Maarten Manse will present his paper “Recasting the Terms of Empire: How Indigenous Translators and Scribes Mediated the Legal Vocabulary of Empire through Treaty-making in Southeast Asia (c. 1750–1900)” at the junior conference Invisible Actors in the Making of International Law (1750–2000), hosted at Sciences Po, Paris, 27–28 November 2025.
Speaking in Panel 2: “Shaping the textualities of international law” on 28 November, Maarten will present how his work examines the crucial role played by indigenous translators and scribes in shaping the legal and diplomatic language of imperial treaties. Rather than passive intermediaries, these actors actively negotiated and reworked legal terminology, translating not only words but political concepts, cultural assumptions, and local understandings of authority.

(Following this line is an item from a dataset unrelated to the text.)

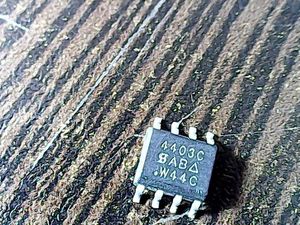 4403c-ab-w44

The paper shows how treaty-making was a site of intellectual exchange, where Southeast Asian legal traditions and European imperial frameworks intersected. By tracing the influence of multilingual treaty manuscripts, the research highlights how local agents quietly reshaped the vocabulary of empire and, in doing so, helped to co-create emerging forms of international law.
The conference brings together early-career researchers exploring the hidden contributors who influenced the development of international legal order and will feature keynote speaker Tamar Herzog (Harvard University).